Today Ahmad al’Azzeh gave a nonviolence training for eight trainees.
The women receive this training from Holy Land Trust next to the musical training from MwB. I hear you thinking are these women so violent they really need this training?
The answer is no, these women are not violent at all. But they live in a society under occupation and have to deal with violence on a daily basis. Besides that, lots of the nonviolence techniques can be very useful during the music workshops the trainers give to children, like a positive body posture, nonviolent communication, and leadership.
During the workshop, no answers were given by Ahmad; the women had to find answers together by discussing, sharing experiences and listening to each other. They learned to be open for each other’s interpretation and to accept the different views on violence-related issues.
New for the group was the division of three different kinds of violence: personal, structural and cultural. 
Personal violence is any direct violence between people, like a husband who hits his wife.
Structural violence is embedded in social structures, for example gender discrimination. This form of violence was difficult to grasp in the beginning, but after some discussion, one of the trainees came up with the following: Structural violence is invisible but you can feel it. The group shared experiences at the checkpoints as an example. Sometimes nothing violent happens at the checkpoint, but you might still feel violated, you can still feel hurt, angry, frustrated or sad. Nothing visible happened, but the fact that you have to pass this checkpoint in your own country, that soldiers with guns have the possibility to abuse their power, that you have to wait for an hour, or that the soldiers check your bag, can make passing the checkpoint a violent experience.

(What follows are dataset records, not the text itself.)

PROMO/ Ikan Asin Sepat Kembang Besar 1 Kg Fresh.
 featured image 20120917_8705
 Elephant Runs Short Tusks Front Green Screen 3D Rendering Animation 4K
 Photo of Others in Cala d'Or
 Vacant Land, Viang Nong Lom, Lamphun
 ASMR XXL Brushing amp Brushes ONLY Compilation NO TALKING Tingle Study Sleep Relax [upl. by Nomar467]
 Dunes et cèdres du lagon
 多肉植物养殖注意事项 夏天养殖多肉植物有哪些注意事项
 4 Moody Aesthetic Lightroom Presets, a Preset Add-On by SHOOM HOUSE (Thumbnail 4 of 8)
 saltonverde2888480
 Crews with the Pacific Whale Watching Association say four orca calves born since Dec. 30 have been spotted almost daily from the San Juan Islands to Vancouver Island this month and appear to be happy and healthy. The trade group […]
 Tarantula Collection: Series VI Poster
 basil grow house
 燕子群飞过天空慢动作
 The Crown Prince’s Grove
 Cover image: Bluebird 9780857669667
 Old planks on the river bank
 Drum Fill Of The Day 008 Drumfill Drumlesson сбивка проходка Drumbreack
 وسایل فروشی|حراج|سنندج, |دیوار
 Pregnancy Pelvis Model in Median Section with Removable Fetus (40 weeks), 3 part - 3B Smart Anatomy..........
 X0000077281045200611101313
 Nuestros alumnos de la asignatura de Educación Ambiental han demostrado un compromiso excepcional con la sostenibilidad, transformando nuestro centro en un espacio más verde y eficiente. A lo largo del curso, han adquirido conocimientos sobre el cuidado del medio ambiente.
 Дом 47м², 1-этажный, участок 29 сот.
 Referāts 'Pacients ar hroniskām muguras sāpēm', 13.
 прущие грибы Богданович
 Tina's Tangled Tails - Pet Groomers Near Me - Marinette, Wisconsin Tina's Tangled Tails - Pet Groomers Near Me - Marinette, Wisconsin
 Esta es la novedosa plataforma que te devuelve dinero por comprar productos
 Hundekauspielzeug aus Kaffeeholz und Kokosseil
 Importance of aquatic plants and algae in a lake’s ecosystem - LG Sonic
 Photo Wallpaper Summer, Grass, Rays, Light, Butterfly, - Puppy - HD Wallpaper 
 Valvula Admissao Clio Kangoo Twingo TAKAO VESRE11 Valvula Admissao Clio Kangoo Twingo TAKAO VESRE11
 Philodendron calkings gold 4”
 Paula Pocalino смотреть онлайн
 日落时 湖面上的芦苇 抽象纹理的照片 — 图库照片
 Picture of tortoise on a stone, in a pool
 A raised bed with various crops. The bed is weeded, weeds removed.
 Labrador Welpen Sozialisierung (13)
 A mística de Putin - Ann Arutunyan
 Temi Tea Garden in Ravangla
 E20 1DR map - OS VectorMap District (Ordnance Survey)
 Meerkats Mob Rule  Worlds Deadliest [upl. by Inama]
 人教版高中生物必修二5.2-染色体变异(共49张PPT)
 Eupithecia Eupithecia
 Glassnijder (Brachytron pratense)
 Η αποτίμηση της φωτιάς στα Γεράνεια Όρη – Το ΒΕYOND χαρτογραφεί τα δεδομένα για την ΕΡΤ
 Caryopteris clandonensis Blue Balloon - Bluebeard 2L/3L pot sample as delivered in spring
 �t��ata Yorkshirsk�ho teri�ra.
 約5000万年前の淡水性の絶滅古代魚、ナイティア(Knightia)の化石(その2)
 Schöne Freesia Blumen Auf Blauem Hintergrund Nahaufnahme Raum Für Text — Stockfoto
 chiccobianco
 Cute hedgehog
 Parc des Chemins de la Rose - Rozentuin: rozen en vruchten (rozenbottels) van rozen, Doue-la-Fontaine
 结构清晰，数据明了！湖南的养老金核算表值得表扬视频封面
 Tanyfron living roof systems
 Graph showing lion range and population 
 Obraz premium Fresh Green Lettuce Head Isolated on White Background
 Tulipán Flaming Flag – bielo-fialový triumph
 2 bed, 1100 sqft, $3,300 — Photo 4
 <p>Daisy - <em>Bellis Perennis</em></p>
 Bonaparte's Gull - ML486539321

I realize again that while I’m waiting in my car until it’s my turn to show my passport and let the soldiers check the stuff in my car (and every time again I see them wondering, what is she doing with a parachute, wooden sticks and a guitar???) that I’m lucky I can pass this checkpoint and enter Jerusalem. Because all the people I met today in Bethlehem, the trainees, the trainer, the falafel seller, any random person in the street, are not allowed to just enter Jerusalem like I do. I suddenly realize that this is structural violence as well. It is not visible, nobody can see how I feel while standing in line in front of the checkpoint and feeling frustrated because I can pass and many of my friends can not. It won’t leave a blue mark on my skin, it won’t break my leg, but it can still hurt in a way.
Up to the third form of violence: cultural violence. Cultural violence can be used to justify structural or personal violence. If it is normal in a culture for a husband to hit his wife when she comes home too late, the woman can interpret the beating different from a woman who lives in a society were hitting is forbidden and not accepted at any level.
I’m sure I’m not explaining it clearly and I probably still don’t understand the complete idea. That’s what happens when you have to follow a NV workshop in Arabic….Anyhow, both women groups will receive five more workshops in nonviolence so I will still get many chances to learn and understand better!
During the evaluation of the workshop some of the participants mentioned they usually don’t like to attend lectures so they were very happy this workshop was so interactive. They liked that everyone was free to give her own opinion and that they were challenged to really listen to each other instead of immediately reacting. The evaluation was very positive, except for one remark: can we please have a heater next time??? We are freezing!
Yes, winter has arrived in Palestine as well.